Provided data:
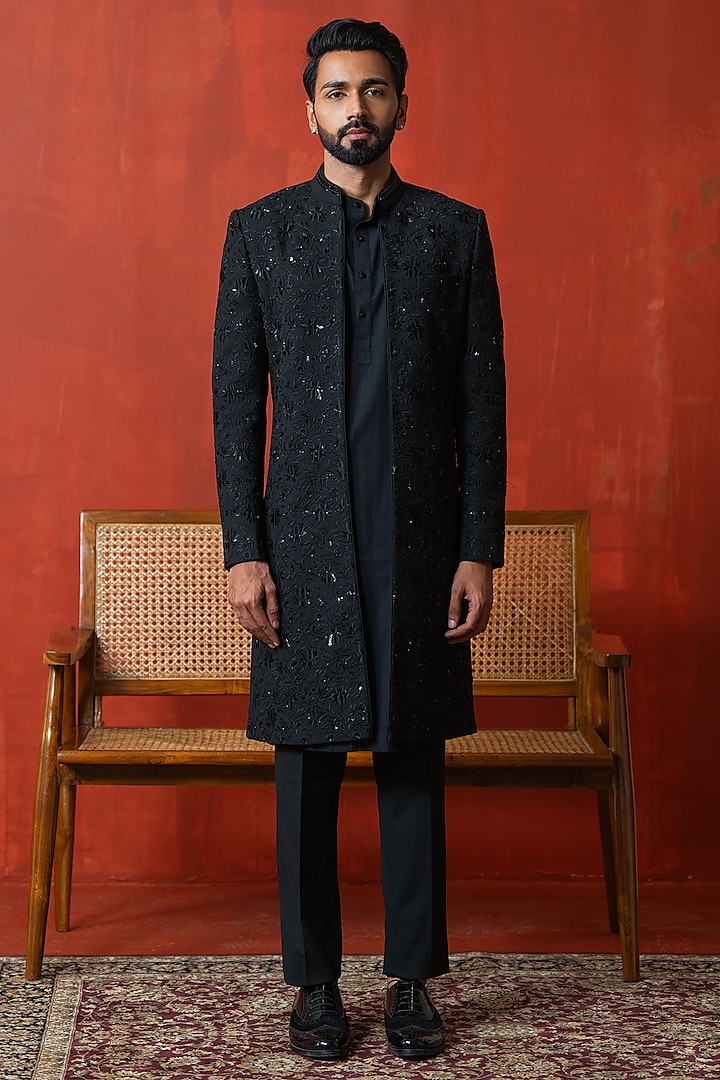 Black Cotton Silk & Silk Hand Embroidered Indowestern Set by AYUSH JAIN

--

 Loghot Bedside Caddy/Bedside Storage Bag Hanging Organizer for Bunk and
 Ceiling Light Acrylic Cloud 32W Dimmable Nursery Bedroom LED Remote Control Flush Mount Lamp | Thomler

Exercise brief:
Out of the entries above, write out only the lines between the line holding "Loghot Bedside Caddy/Bedside" and the line holding "Ceiling Light Acrylic", inclusive, each exactly as given.

Result for this exercise:
 Loghot Bedside Caddy/Bedside Storage Bag Hanging Organizer for Bunk and
 Ceiling Light Acrylic Cloud 32W Dimmable Nursery Bedroom LED Remote Control Flush Mount Lamp | Thomler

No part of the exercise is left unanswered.